On Friday December 6th at 15:08:48 UT (Tb), the on-board trigger software of the SVOM/ECLAIRs telescope (currently in its commissioning phase, instrument energy range 4-150 keV), detected and localized a long duration soft X-ray transient at RA, Dec = 300.202 deg, 65.182 deg (J2000) with 9.3 arcmin uncertainty radius in the 5-8 keV energy band during a 22 min exposure starting at Tb (best alert with SNR=9.3, see GCN 38450); another alert with SNR=7.2 was produced in 5-8 keV during 11 min starting at 15:14:15, the sub-image transmitted in near real-time over the SVOM VHF network showed a clear point-like source not present in the onboard source catalog.

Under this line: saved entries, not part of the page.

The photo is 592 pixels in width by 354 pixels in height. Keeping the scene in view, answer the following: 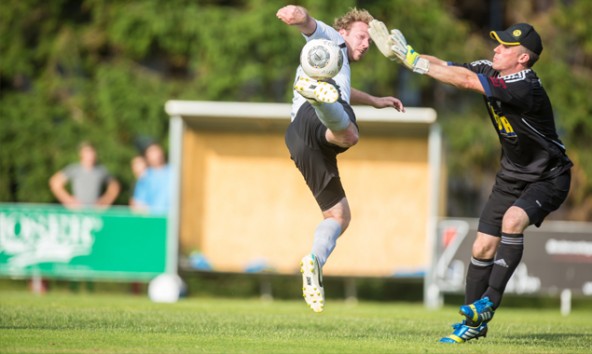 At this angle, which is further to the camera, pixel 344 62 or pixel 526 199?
pixel 344 62

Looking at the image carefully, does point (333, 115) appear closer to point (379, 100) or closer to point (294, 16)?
point (294, 16)

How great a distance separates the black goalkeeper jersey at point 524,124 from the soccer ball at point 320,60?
109cm

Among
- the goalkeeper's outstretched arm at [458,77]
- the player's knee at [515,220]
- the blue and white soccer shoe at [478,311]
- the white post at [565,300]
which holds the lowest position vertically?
the white post at [565,300]

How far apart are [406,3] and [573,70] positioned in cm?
442

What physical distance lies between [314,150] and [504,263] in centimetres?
172

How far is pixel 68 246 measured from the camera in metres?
15.9

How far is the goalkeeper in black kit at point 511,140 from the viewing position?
7715mm

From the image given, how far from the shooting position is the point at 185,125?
1731 cm

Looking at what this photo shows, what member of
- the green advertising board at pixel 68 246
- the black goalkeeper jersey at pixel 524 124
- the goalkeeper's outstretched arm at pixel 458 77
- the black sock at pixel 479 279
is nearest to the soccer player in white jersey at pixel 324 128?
the goalkeeper's outstretched arm at pixel 458 77

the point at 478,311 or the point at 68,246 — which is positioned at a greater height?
the point at 478,311

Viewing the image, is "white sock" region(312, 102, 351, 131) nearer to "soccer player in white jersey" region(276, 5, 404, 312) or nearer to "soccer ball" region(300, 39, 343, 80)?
"soccer player in white jersey" region(276, 5, 404, 312)

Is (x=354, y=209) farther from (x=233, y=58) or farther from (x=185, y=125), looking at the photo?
(x=233, y=58)

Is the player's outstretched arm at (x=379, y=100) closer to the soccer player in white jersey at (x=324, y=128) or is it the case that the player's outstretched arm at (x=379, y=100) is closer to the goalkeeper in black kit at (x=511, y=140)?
the soccer player in white jersey at (x=324, y=128)

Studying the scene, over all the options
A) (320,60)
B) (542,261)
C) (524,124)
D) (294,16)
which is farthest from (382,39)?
(542,261) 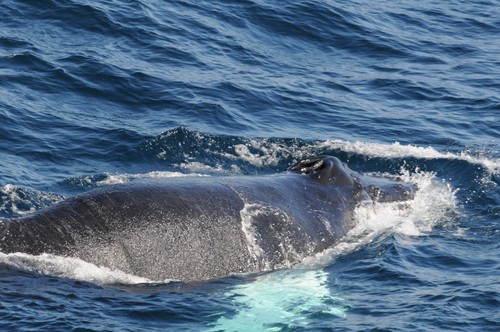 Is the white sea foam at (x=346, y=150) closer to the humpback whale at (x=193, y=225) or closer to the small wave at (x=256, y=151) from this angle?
the small wave at (x=256, y=151)

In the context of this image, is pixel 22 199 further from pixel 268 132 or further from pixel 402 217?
pixel 268 132

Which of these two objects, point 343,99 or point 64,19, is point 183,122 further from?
point 64,19

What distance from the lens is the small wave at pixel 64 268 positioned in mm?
13859

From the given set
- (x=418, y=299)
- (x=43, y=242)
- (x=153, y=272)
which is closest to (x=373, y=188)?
(x=418, y=299)

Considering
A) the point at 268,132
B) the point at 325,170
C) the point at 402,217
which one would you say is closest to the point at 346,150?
the point at 268,132

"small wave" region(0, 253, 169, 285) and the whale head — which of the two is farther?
the whale head

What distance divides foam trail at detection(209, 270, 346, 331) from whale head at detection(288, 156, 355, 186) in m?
2.55

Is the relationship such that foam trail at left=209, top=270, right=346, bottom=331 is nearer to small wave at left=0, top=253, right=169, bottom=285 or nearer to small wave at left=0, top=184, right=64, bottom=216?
small wave at left=0, top=253, right=169, bottom=285

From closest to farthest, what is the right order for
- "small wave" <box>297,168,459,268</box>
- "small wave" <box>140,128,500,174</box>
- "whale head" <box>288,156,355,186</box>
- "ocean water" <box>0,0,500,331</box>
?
1. "ocean water" <box>0,0,500,331</box>
2. "small wave" <box>297,168,459,268</box>
3. "whale head" <box>288,156,355,186</box>
4. "small wave" <box>140,128,500,174</box>

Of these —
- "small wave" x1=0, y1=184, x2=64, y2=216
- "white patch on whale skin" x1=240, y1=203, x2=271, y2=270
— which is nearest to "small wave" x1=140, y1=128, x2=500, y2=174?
"small wave" x1=0, y1=184, x2=64, y2=216

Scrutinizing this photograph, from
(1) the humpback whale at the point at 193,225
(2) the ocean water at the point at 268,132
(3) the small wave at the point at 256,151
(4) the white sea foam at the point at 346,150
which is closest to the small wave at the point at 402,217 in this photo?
(2) the ocean water at the point at 268,132

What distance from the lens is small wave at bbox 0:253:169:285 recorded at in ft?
45.5

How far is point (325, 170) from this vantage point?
18.5 m

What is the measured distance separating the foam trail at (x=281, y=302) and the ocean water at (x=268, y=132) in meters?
0.03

Following this detection, SVOM/MXT (0.2-10 keV) performed a ToO observation of the source starting at 16:47:41 UT for an exposure time of 3.6 ks. A single source was detected in the image at coordinates R.A. = 20h 00mm 03ss DEC. = +65 deg 09mm 07ss (J2000) with an uncertainty of 25 arc sec at 90% c.l. (systematic+statistical). This position lies at 22 arcsec from the BL Lac blazar 1ES 1959+650 (GCN 38452).

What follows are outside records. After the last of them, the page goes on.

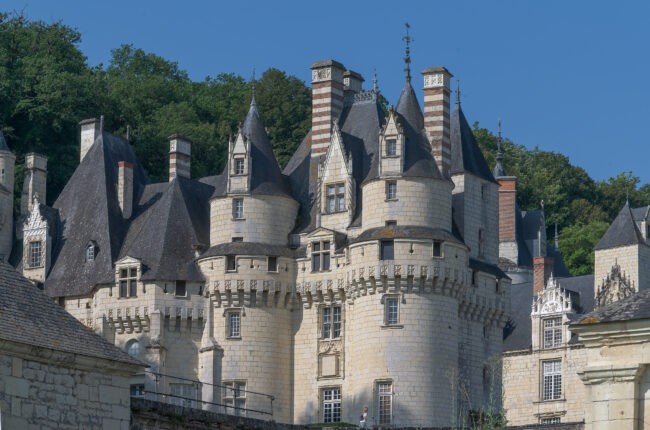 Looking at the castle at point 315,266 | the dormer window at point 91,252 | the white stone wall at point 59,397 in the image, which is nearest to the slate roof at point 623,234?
the castle at point 315,266

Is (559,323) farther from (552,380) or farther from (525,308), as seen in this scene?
(525,308)

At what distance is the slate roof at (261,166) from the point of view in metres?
51.6

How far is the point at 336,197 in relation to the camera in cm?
5125

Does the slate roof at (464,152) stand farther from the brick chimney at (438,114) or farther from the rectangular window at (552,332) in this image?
the rectangular window at (552,332)

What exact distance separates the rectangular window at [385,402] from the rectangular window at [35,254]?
13.3m

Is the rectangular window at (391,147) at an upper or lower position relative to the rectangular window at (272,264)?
upper

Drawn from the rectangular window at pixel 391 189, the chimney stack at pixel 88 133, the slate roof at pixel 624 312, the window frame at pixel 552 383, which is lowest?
the slate roof at pixel 624 312

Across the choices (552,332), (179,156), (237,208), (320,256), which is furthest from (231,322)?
(552,332)

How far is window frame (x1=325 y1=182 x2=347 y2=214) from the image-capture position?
5109 centimetres

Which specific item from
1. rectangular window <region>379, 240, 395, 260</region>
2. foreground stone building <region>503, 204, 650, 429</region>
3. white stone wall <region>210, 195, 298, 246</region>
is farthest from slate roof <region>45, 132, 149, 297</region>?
foreground stone building <region>503, 204, 650, 429</region>

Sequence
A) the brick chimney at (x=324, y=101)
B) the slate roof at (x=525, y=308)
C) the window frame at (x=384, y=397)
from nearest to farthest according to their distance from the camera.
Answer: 1. the window frame at (x=384, y=397)
2. the brick chimney at (x=324, y=101)
3. the slate roof at (x=525, y=308)

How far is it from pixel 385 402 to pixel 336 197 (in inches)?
277

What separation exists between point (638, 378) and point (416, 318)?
27.3 meters

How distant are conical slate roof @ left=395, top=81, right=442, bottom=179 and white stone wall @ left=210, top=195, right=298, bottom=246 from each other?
14.8 ft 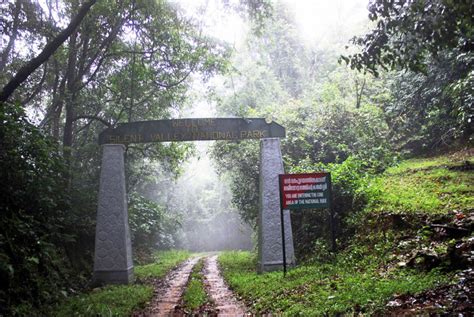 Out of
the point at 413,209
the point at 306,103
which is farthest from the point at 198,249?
the point at 413,209

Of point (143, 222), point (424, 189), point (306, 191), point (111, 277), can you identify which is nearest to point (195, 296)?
point (111, 277)

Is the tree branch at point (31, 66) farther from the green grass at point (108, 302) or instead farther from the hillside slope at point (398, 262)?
the hillside slope at point (398, 262)

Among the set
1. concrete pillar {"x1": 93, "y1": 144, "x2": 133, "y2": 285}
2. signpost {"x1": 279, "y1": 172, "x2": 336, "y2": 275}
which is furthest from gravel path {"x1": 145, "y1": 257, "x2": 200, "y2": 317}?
signpost {"x1": 279, "y1": 172, "x2": 336, "y2": 275}

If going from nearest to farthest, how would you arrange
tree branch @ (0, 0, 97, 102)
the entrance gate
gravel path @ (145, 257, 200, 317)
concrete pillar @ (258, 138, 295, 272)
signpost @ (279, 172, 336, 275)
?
gravel path @ (145, 257, 200, 317)
tree branch @ (0, 0, 97, 102)
signpost @ (279, 172, 336, 275)
concrete pillar @ (258, 138, 295, 272)
the entrance gate

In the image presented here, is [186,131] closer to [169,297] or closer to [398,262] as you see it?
[169,297]

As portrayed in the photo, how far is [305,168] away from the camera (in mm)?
13125

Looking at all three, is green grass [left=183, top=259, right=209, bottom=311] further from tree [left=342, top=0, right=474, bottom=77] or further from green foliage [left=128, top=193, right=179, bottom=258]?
green foliage [left=128, top=193, right=179, bottom=258]

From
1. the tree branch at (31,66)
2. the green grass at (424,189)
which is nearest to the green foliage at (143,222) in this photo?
the tree branch at (31,66)

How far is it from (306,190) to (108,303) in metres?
5.25

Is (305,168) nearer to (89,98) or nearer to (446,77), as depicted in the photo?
(446,77)

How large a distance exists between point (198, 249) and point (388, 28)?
4501 cm

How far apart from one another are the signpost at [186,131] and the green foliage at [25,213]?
264 centimetres

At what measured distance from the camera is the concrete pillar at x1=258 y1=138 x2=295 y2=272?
436 inches

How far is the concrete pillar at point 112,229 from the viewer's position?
1121cm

These observations hence suggest that 1ES 1959+650 is currently exhibiting a major X-ray outburst.

A preliminary spectral analysis of the SVOM/ECLAIRs data (775 s of exposure) shows that the source is significantly detected up to ~20 keV. The 4-20 keV spectrum is well fitted by a power-law model (chi-square = 2.33 / 4 dof) with a photon index of 2.3 (-0.4; +0.5). The integrated flux in the 4-20 keV band is 6.4(-3.6 +1.2)e-10 erg/cm^2/s . Extrapolating to the 14-195 keV band, we find that the integrated flux is approximately 16 times higher than the average flux of 3.7e-11 erg/s/cm^2 reported in the Swift/BAT 157-month catalogue.

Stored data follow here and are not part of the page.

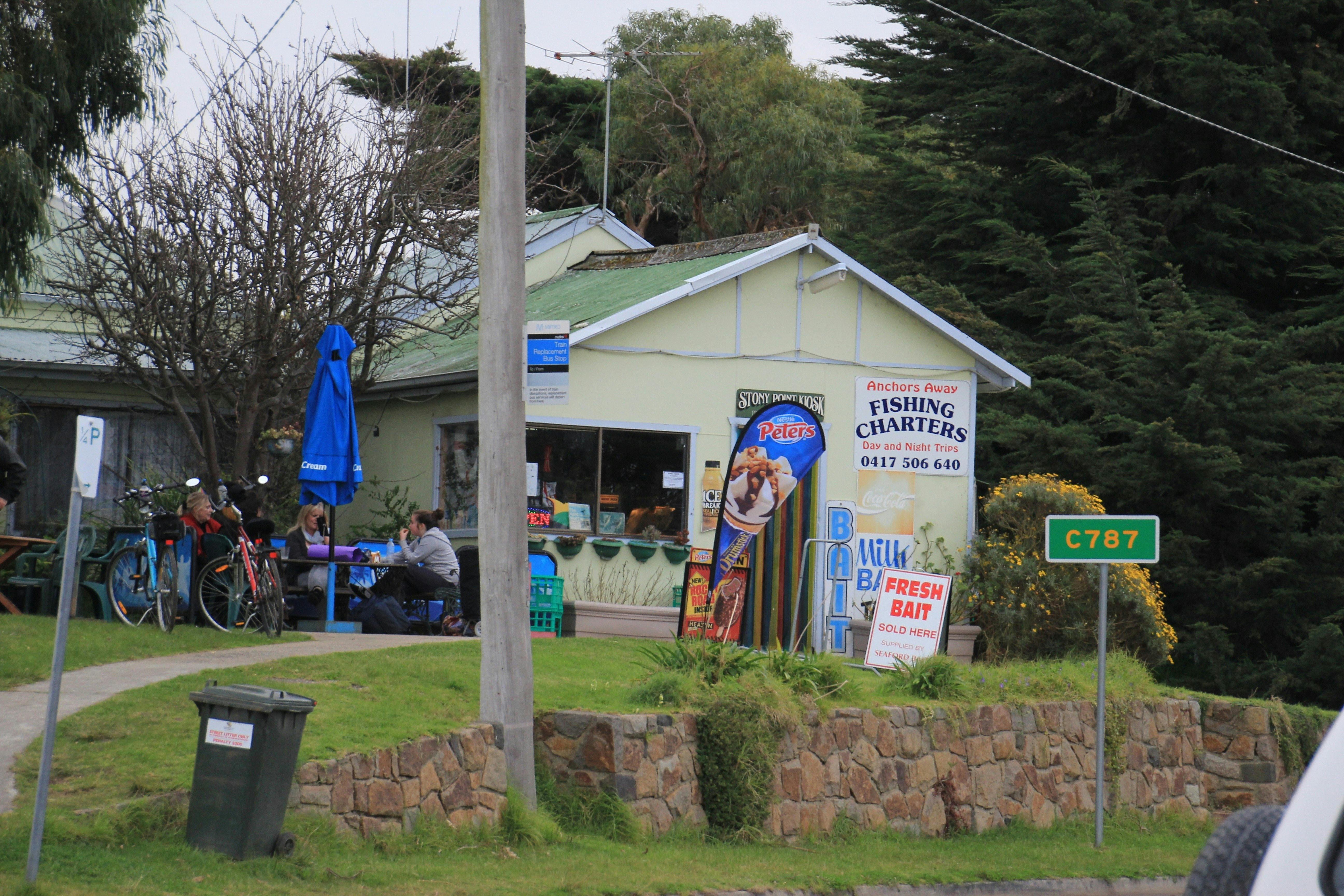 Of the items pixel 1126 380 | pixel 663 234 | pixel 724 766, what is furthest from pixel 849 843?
pixel 663 234

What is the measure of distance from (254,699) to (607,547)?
9.82 metres

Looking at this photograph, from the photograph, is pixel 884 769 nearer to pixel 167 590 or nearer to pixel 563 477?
pixel 167 590

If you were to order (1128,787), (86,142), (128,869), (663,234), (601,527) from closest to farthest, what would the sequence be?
(128,869)
(1128,787)
(86,142)
(601,527)
(663,234)

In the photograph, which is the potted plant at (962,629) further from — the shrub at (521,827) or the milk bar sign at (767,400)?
the shrub at (521,827)

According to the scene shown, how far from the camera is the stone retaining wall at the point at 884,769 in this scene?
8.65 m

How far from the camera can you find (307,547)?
1507 centimetres

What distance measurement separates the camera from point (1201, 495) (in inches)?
822

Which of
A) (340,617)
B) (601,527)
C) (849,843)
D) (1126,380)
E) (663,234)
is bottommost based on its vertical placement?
(849,843)

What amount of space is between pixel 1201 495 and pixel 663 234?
863 inches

The SVOM/MXT spectrum is well fitted (chi-square = 321 / 260 dof) by a single absorbed power-law with a photon index of 1.97+/-0.05, and absorption column density of (0.17+/-0.1)e22 atoms/cm^2. The 0.5-10 keV flux is (1.77+/-0.03)e-9 erg/s/cm^2 which looks well above the usual unabsorbed 0.3-10 keV fluxes of 5.76e-11 -- 5.39e-10 erg/s/cm^2 (see https://pos.sissa.it/233/142/pdf).

Further multi-wavelength follow-up observations are encouraged to investigate the evolution of the source.

The Space Variable Objects Monitor (SVOM) is a China-France joint mission led by the Chinese National Space Administration (CNSA, China), National Center for Space Studies (CNES, France) and the Chinese Academy of Sciences (CAS, China), which is dedicated to observing gamma-ray bursts and other transient phenomena in the energetic universe. ECLAIRs was developed jointly by APC, CEA, CNES and IRAP. MXT has been developed jointly by CNES, CEA, IJCLab, University of Leicester and MPE.